_ASSIGNMENT_
Beginning with the line below that contains "Indianapolis Colts Bobby" and ending with the line that contains "Load image into", retype every line exactly. Pictures are not copied.

_MATERIAL PROVIDED_

★ ★ ★ ★

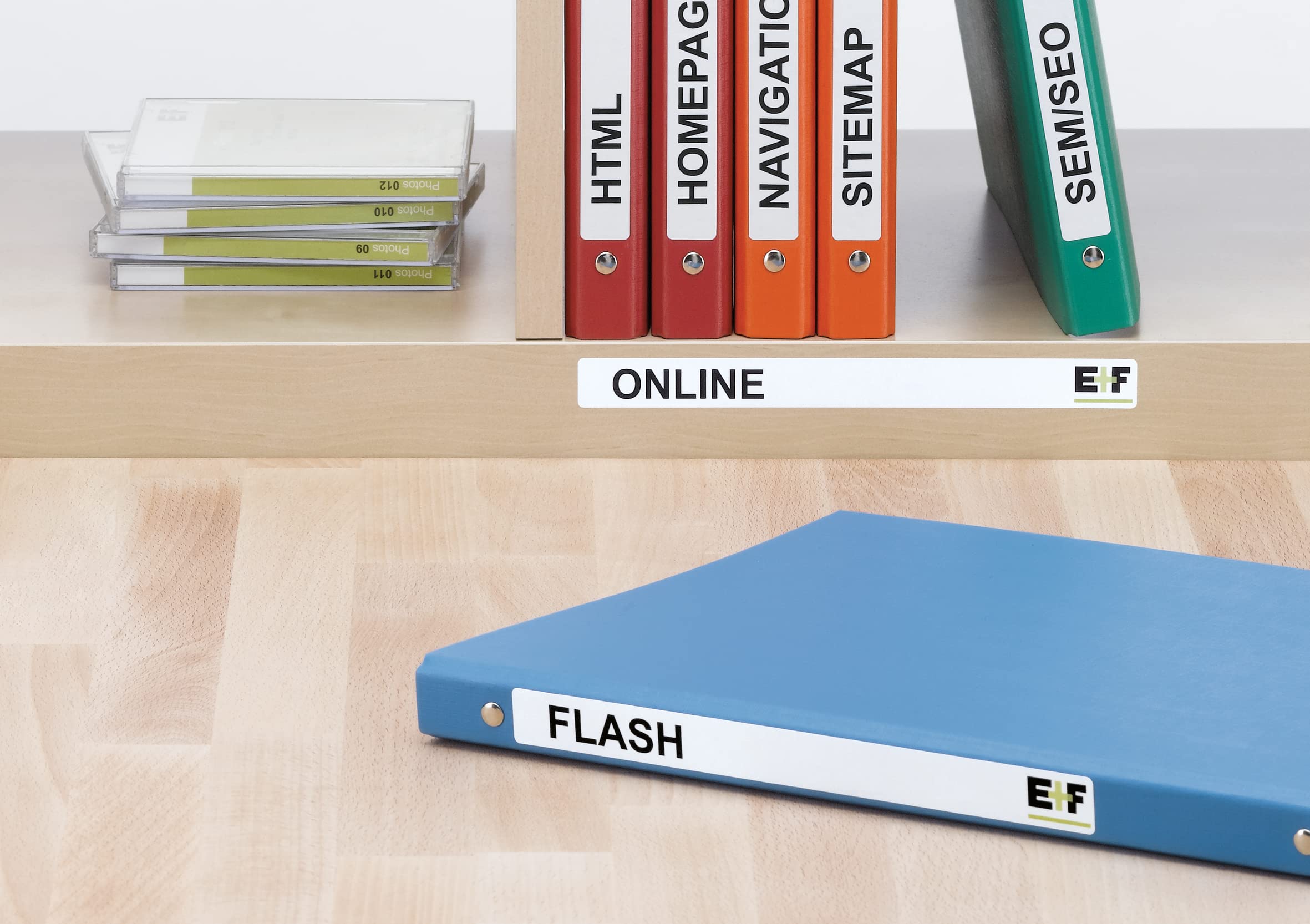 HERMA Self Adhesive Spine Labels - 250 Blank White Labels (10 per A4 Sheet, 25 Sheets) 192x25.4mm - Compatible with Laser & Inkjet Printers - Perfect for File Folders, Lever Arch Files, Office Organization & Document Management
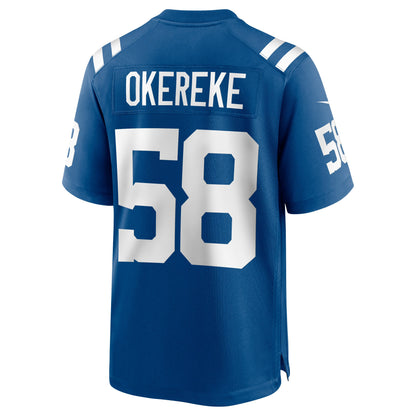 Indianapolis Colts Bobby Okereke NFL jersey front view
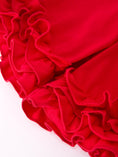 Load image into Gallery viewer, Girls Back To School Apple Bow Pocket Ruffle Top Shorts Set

★ ★ ★ ★

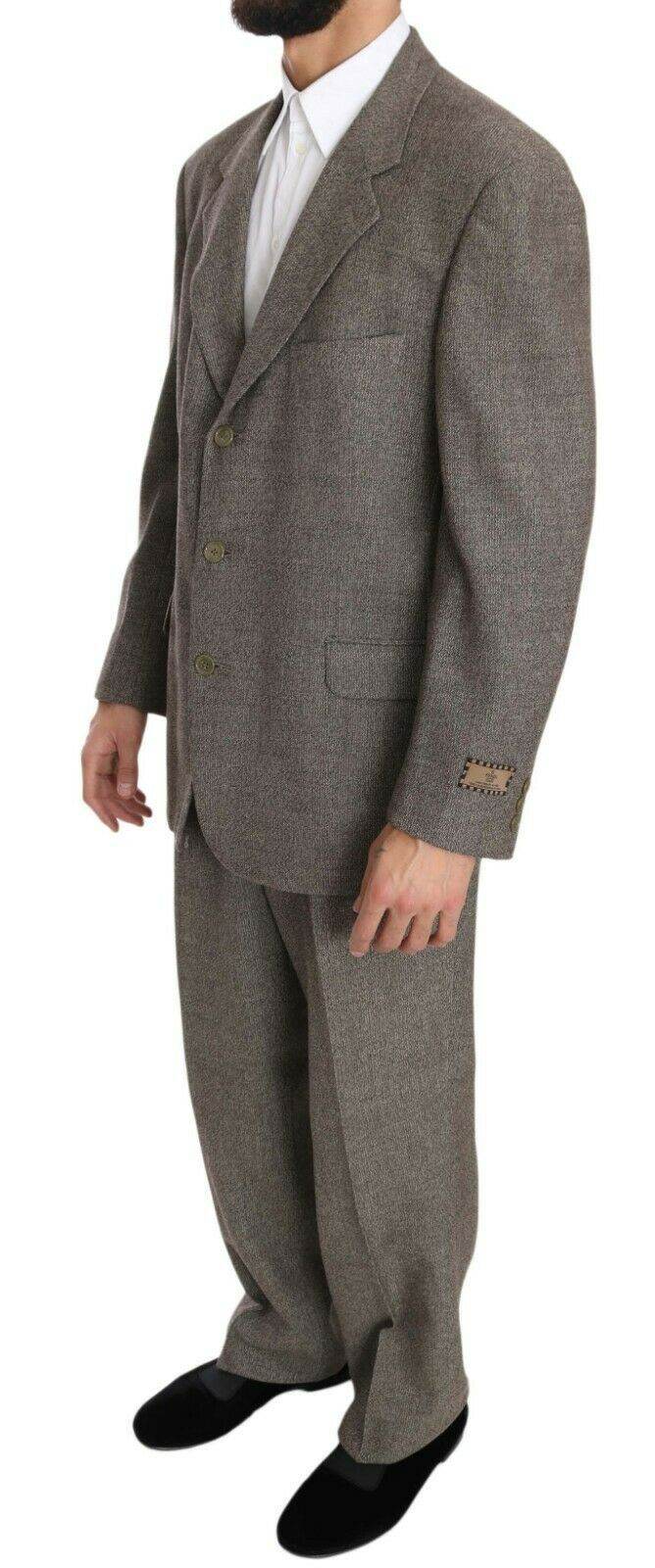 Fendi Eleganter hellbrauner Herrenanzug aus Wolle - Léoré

★ ★ ★ ★

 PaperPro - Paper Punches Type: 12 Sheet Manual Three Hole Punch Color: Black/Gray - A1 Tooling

★ ★ ★ ★

_ANSWER BELOW_
 Indianapolis Colts Bobby Okereke NFL jersey front view
 Load image into Gallery viewer, Girls Back To School Apple Bow Pocket Ruffle Top Shorts Set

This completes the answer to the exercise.